Anton Priebe, 28. November 2019
Bild: Tim Gouw – Unsplash

Mozilla folgt weiterhin seiner strikten Tracking-Politik und schließt die Digitrust ID vom Firefox-Browser aus. Bei der Digitrust ID handelt es sich um eine unabhängige Lösung, die unter dem Dach des Technology Labs des US-amerikanischen Interactive Advertising Bureau (IAB) operiert. Sie konnte bislang ungehindert im Firefox-Browser eingesetzt werden, weil Digitrust selbst keine Daten zu Tracking-Zwecken verarbeitet, sondern nur einen gemeinsamen Nenner für die Identifikation der User zur Verfügung stellt. Mit der Entscheidung greift wieder einmal ein Browser-Hersteller regulierend in den Markt ein und sendet ein deutliches Signal.

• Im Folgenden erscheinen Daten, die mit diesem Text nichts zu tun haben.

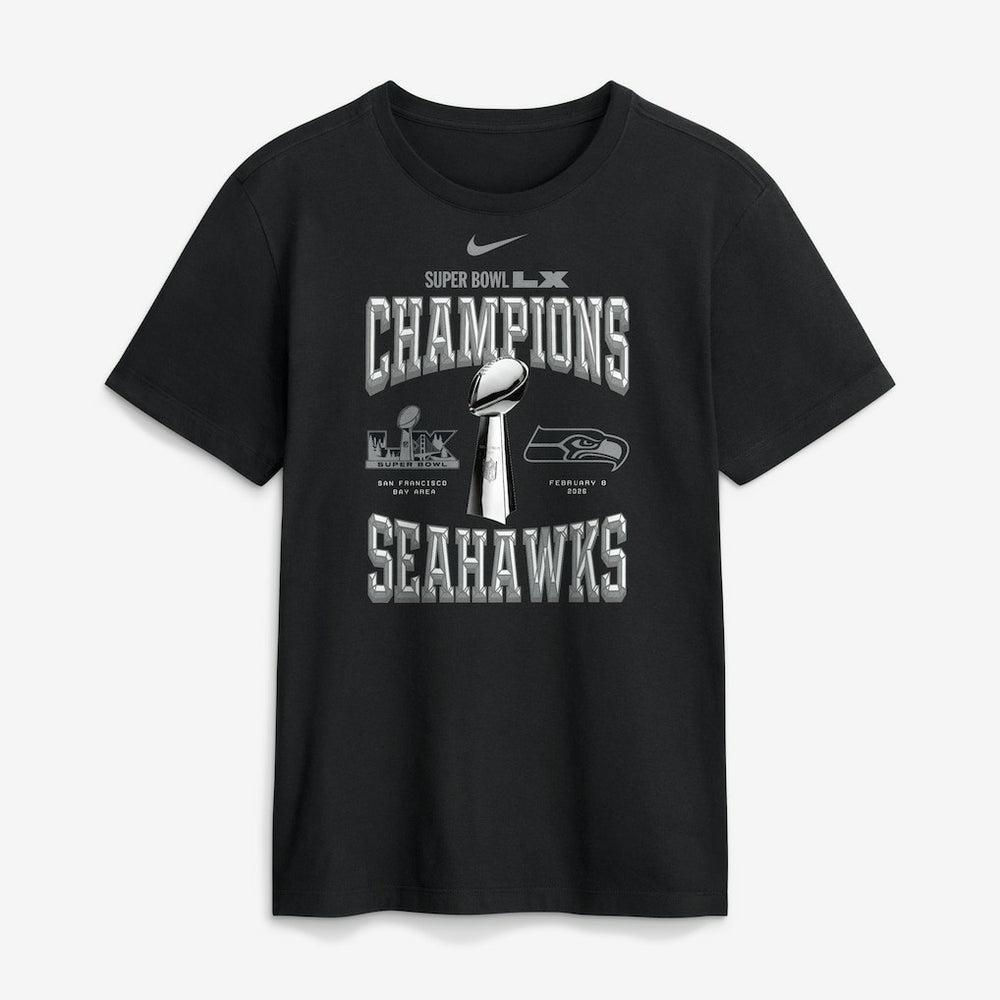 Seattle Seahawks Super Bowl LX Champions Locker Room Trophy Collection Replica Tall T-Shirt Black - Nike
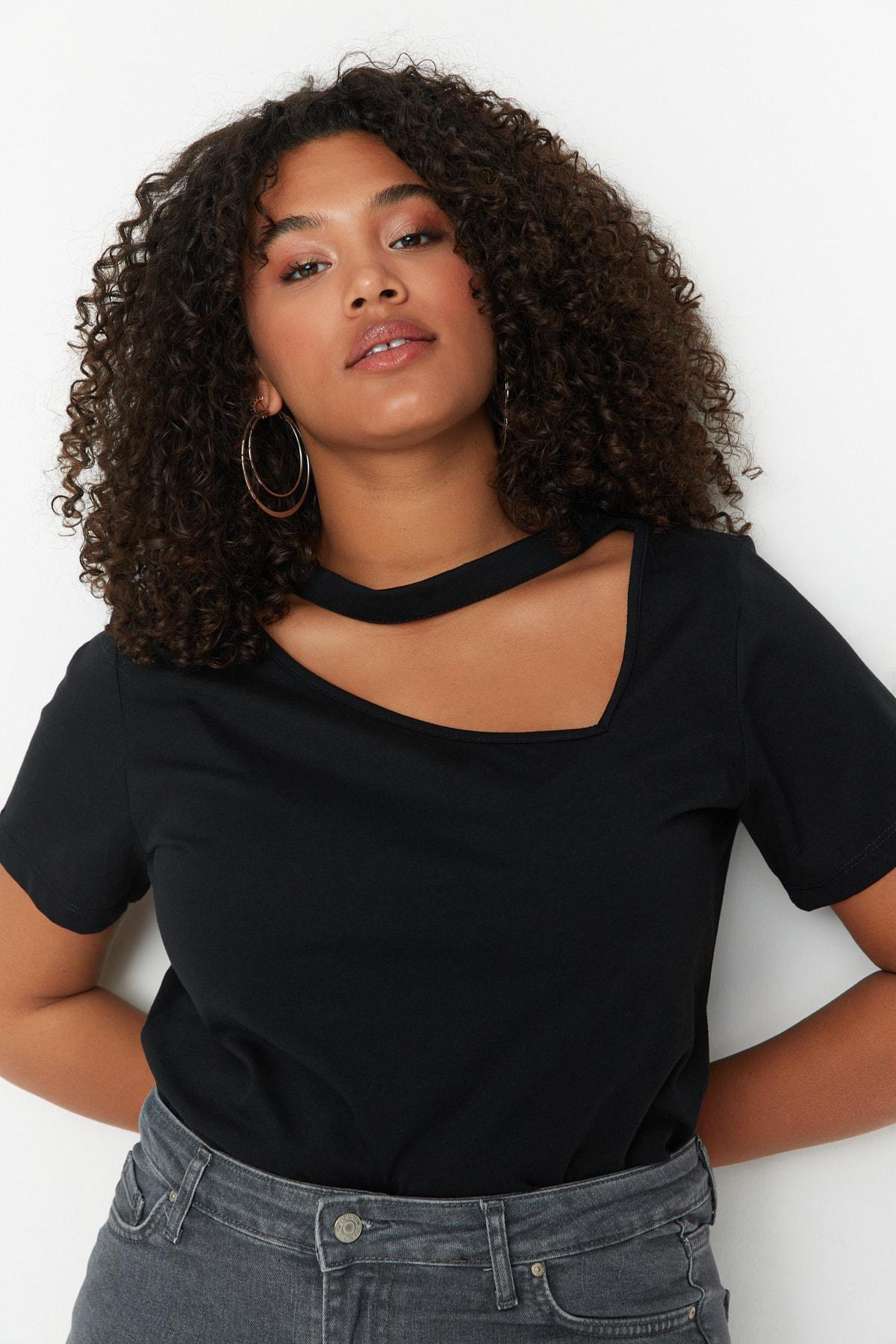 Black Crew Neck Plus Size T-Shirt, , large image number 1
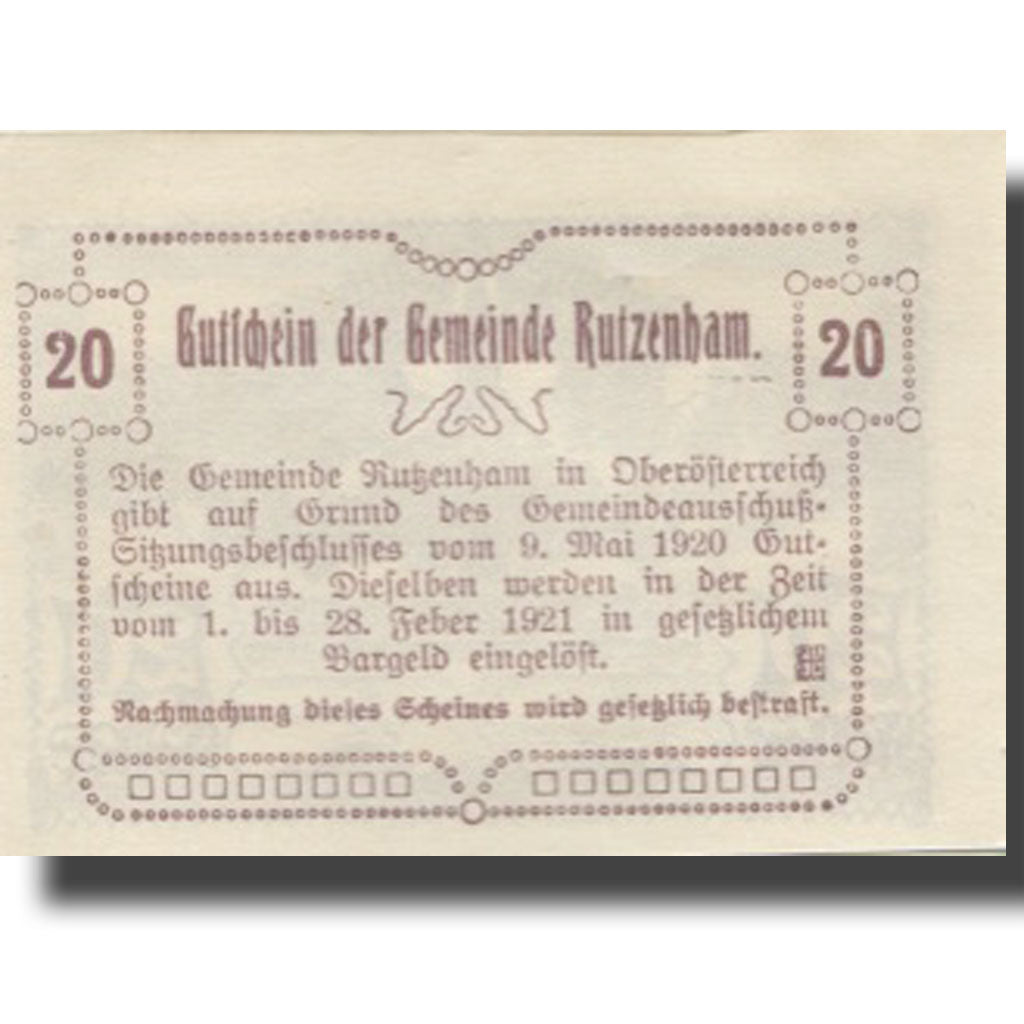 Banknote, Austria, Rutzenham, 20 Heller, Eglise, 1920 UNC(63) Mehl:FS 858Ib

Bei jedem Webseitenbesuch setzen verschiedene Adtech-Anbieter, die auf der jeweiligen Seite integriert sind, Cookies beim Nutzer, um dessen Bewegungen und Aktionen im Netz nachzuvollziehen. Auf der Basis dieser anonymisierten Informationen wird dem User passgenaue Werbung ausgespielt. Die Voraussetzung für eine möglichst gute Datengrundlage, die ein genaues Targeting erlaubt, ist die seitenübergreifende Identifikation des Nutzers. Dafür enthält ein Cookie eine ID, also eine verschlüsselte Zahlenreihe, die einem Anbieter verrät, ob der User neu ist oder schon bekannt.

Jeder Webseitenbetreiber arbeitet jedoch mit unterschiedlichen Anbietern aus dem Programmatic-Advertising-Ökosystem zusammen, die alle ihre eigenen Cookies verwenden. Wird nun eine Werbefläche programmatisch gehandelt, müssen die verschiedenen Cookies – beispielsweise von Webseitenbetreiber, Einkaufs- und Verkaufstechnologie – miteinander in Einklang gebracht werden, um ein möglichst vollständiges Bild eines Nutzers zu erhalten. Man spricht in diesem Fall von “Cookie-Synchronisation”.

Dieser Abgleich nimmt einerseits Zeit in Anspruch und führt andererseits dazu, dass oftmals Informationen verloren gehen, weil Cookies nicht zugeordnet werden können. Die Matching-Rate, also Erfolgsquote bei der Cookie-Synchronisation, liegt etwa bei 60 Prozent. Ein Advertiser möchte jedoch seine Zielgruppe möglichst passgenau erreichen und ist dafür auf die funktionierende Zusammenarbeit der einzelnen Systeme angewiesen. Einen möglichen Ausweg für dieses Problem bieten einheitliche ID-Lösungen wie Digitrust.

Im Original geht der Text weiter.